Max: I know. Like I said, it was just a first approximation. IMH is, as you observe, incompatible with inaccessible cardinals in a dramatic way. I was just trying to illustrate the sense of “width maximality” that we are trying to articulate. Now we have to simultaneously incorporate “height maximality”. We do this in terms of #-generation.

[Insert description of #-generation and \textsf{IMH}^\#]

K: I have a bunch of problems with this. First, I don’t see how you arrive at #-generation. You use the # to generate the model but then you ignore the #.

Second, there is a trivial consistency proof of \textsf{IMH}^\# but it shows even more, namely, this: Assume that for every real x, x^\# exists. Then there is a real x_0 such that for any V\in \text{CTM-Space} containing x_0, V satisfies Extreme-\textsf{IMH}^\# in the following sense: if \varphi holds in any #-generated model N (whether it is an outer extension of V or not) then \varphi holds in an inner model of V. So what is really going on has nothing to do with outer models — it is much more general than that. This gives not just the compatibility of \textsf{IMH}^\# with all standard large cardinal but also with all choiceless large cardinals.

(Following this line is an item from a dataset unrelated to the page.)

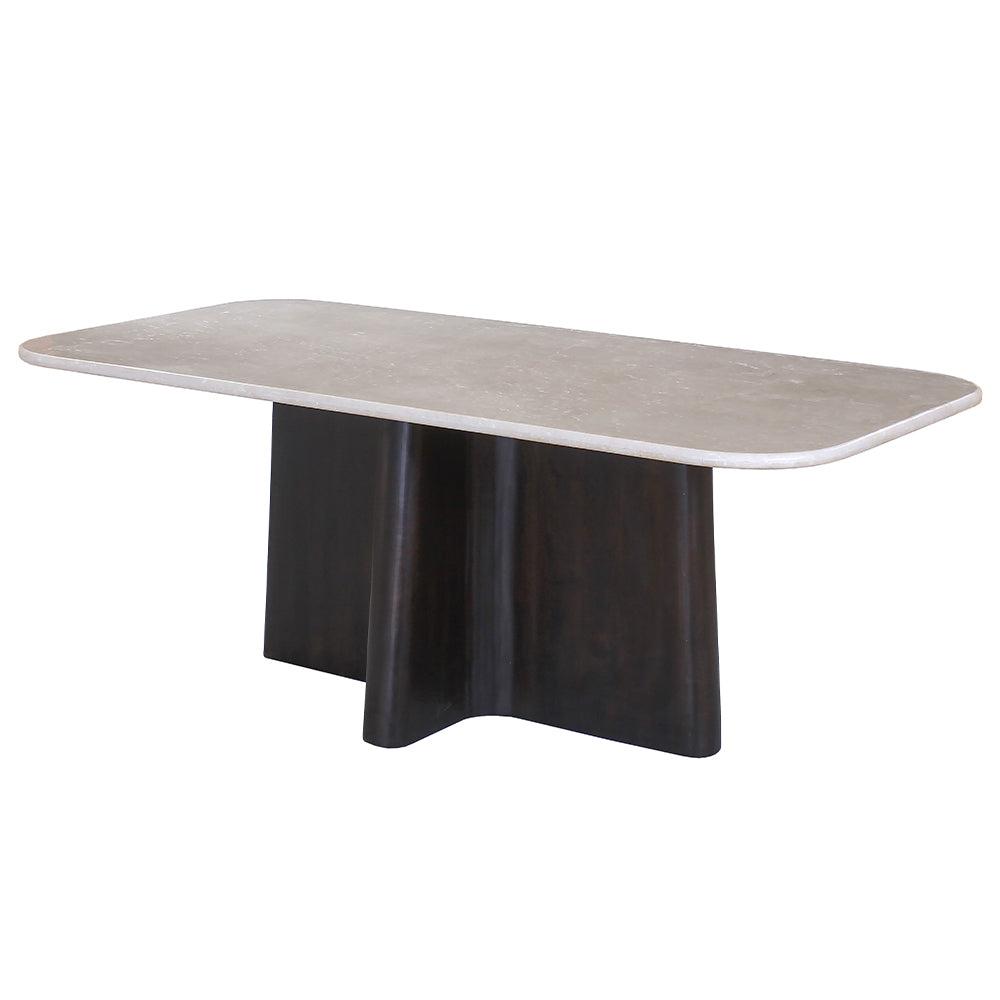 Jacory BottIcino Natural Marble Top/ Espresso Dining Table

[It should be clear at this point (and more so below) that despite this new and strange circumstances K is still able to access H.]

Third, there is a problem of articulation. The property of being a model V\in \text{CTM-Space} which satisfies \textsf{IMH}^\# is a \Pi_3 property over the entire space \text{CTM-Space}. When I was living in the outer world (where I could see \text{CTM-Space} as a set) I could articulate that property and thereby locate the V’s in CTM-Space that satisfy \textsf{IMH}^\#. But how can you (we) do that down here? If you really believe that the \Pi_3 property over the space \text{CTM-Space} is a legitimate property then you are granting that the domain \text{CTM-Space} is a determinate domain (to make sense of the determinateness of the alternating quantifiers in the \Pi_3 property). But if you believe that \text{CTM-Space} is a determinate domain then why can’t you just take the union of all the models in \text{CTM-Space} to form a set? Of course, that union will not satisfy ZFC. But my point is that by your lights it should make perfect sense, in which case you transcend this world. In short you can only locate the models V\in \text{CTM-Space} that satisfy \textsf{IMH}^\# by popping outside of $latex \text{CTM-Space}$!

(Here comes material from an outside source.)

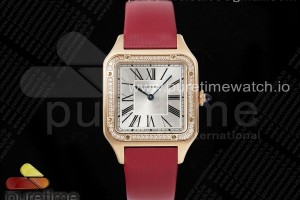 AF 까르띠에 산토스 뒤몽 31.4미리 로즈골드 다이아베젤 실버다이얼 레드패브릭스트랩 Santos Dumont 31.4mm RG AF 1:1 Best Edition Silver Dial Diamonds Bezel on Red Fabric Strap A157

Max: Man, are you ever cranky…

K: I’m just a little lost and feeling homesick. What about you? How did you get there? I have the sense that you got here they same way I did and that (in your talk of \textsf{IMH}^\#) you still have one foot in the outer world.

Max: No, I was born here. Bear with me. Like I said, we are just getting started. Let’s move on to \textsf{IMH}^\#.

K: Wait a second. Before we do that can you tell me something?

Max: Sure.

K: We are standing in  \text{CTM-Space}, right?

Max: Right.

K: And from this standpoint we are proving things about various principles that hold in various V‘s in \text{CTM-Space}, right?

Max: Right.

K: What theory are allowed to use in proving these results about things in \text{CTM-Space}? We are standing here, in \text{CTM-Space}. Our quantifiers range over \text{CTM-Space}. Surely we should be using a theory of \text{CTM-Space}. But we have been using ZFC and that doesn’t hold in \text{CTM-Space}. Of course, it holds in every V in \text{CTM-Space} but it does not hold in \text{CTM-Space} itself. We should be using a theory that holds in \text{CTM-Space} if we are to prove things about the objects in \text{CTM-Space}. What is that theory?

Max: Hmm … I see the point … Actually! … Maybe we are really in one of the V‘s in \text{CTM-Space}! This \text{CTM-Space} is itself in one of the V‘s of a larger \text{CTM-Space}

K (to himself): This is getting trippy.

Max: … Yes, that way we can invoke ZFC.

K: But it doesn’t make sense. Everything around us is countable and that isn’t true of any V in any \text{CTM-Space}.

Max: Good point. Well maybe we are in the \text{CTM-Space} of a V that is itself in the \text{CTM-Space} of a larger V.

K: But that doesn’t work either. For then we can’t help ourself to ZFC. Sure, it holds in the V of whose \text{CTM-Space} we are locked in. But it doesn’t hold here! You seem to want to have it both ways — you want to help yourself to ZFC while living in a \text{CTM-Space}.

Max: Let me get back to you on that one … Can we move on to \textsf{SIMH}^\#.

K: Sure.

[Insert a description of the two version of \textsf{SIMH}^\#. Let us call these Strong-\textsf{SIMH}^\# and Weak-\textsf{SIMH}^\#. Strong-\textsf{SIMH}^\# is based on the unification of \textsf{SIMH} (as formulated in the 2006 BSL paper) but where one restricts to #-generated models. (See Hugh's letter of 10/13/14 for details.) Weak-\textsf{SIMH}^\# is the version where one restricts to cardinal-preserving outer models.]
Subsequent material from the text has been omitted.